Despite its certain clinical value, the mechanisms responsible for the clinical antitumor effect of rituximab are not clear. The efficacy of anti-CD20 therapy with rituximab may be mediated through a combination of factors, which include complement activation (10–13). A number of groups, however, have found no evidence that complement is required for the antitumor effect of rituximab in C3- and C4-deficient rodent models (14, 15). Therapeutic activity of rituximab against murine cells expressing human CD20 was absent in syngeneic knockout mice lacking C1q, whereas depletion of natural killer cells, neutrophils, or the use of athymic nude mice did not affect the therapeutic activity of the drug (12). Nevertheless, in this xenograft model, the target cells express little of the complement-neutralizing molecules CD55 and CD59. Furthermore, the level of complement fixation or expression of the complement-neutralizing molecules CD55 and CD59 do not correlate with clinical response to rituximab (16, 17). The importance of antibody-dependent cellular cytotoxicity and natural killer cell activation for therapeutic effect of anti-CD20 antibodies is supported by clinical studies regarding the polymorphisms of Fc receptors and their affinity for monoclonal antibodies (18–20). Finally, the direct cell killing of B cells by anti-CD20 monoclonal antibodies has been reported (21–24). Apoptosis induced by anti-CD20 monoclonal antibodies, however, remains a controversial issue. Other reports suggest that many B-cell lines or primary lymphoma cells are insensitive to rituximab direct killing (13, 25).

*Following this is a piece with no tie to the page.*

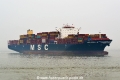 MSC Giselle HK-130418-1.jpg
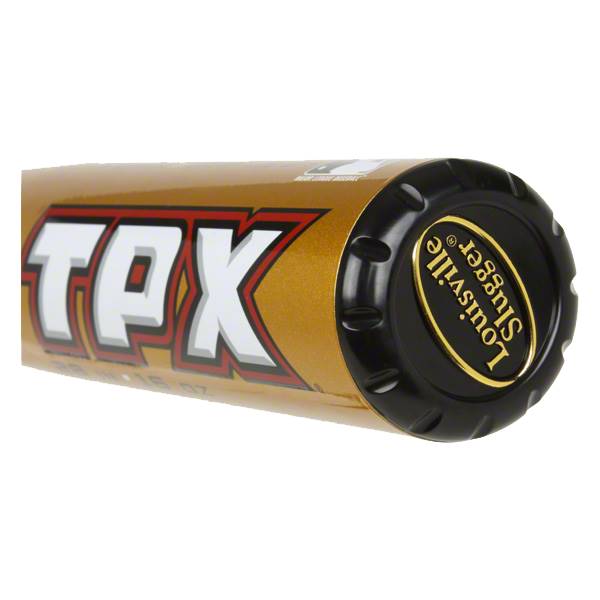 Louisville Slugger - とらっき $_57.JPG?set_id=8800005007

Rituximab, a chimeric anti-CD20 monoclonal antibody that binds both malignant and normal B cells, is widely used as a component therapy for B-cell lymphoma and chronic lymphocytic leukemia. Despite its certain clinical value, the mechanisms responsible for the antitumor effect of rituximab remain unclear. Both antibody-dependent cellular cytotoxicity and complement fixation seem to play a role. We recently showed that the fixation of complement by rituximab-coated B cells limits natural killer cell activation and antibody-dependent cellular cytotoxicity. Both C1q and C3 were required for this inhibitory effect. Here we show that a polymorphism located in the second exon of the C1qA gene associates with duration of response to single-agent rituximab in patients with follicular lymphoma. In particular, subjects homozygous for the C1qA G allele, that our preliminary data indicate may correlate with higher serum levels of C1q, had a significantly shorter time to progression than A carriers. In addition to suggesting a potential use for the C1qA[276A/G] polymorphism as an outcome predictor in rituximab therapy of follicular lymphoma, these results could have a significant impact on our understanding of the role of complement in immunotherapy, and, in turn, could make possible the selection of monoclonal antibodies with engineered function and improved clinical response.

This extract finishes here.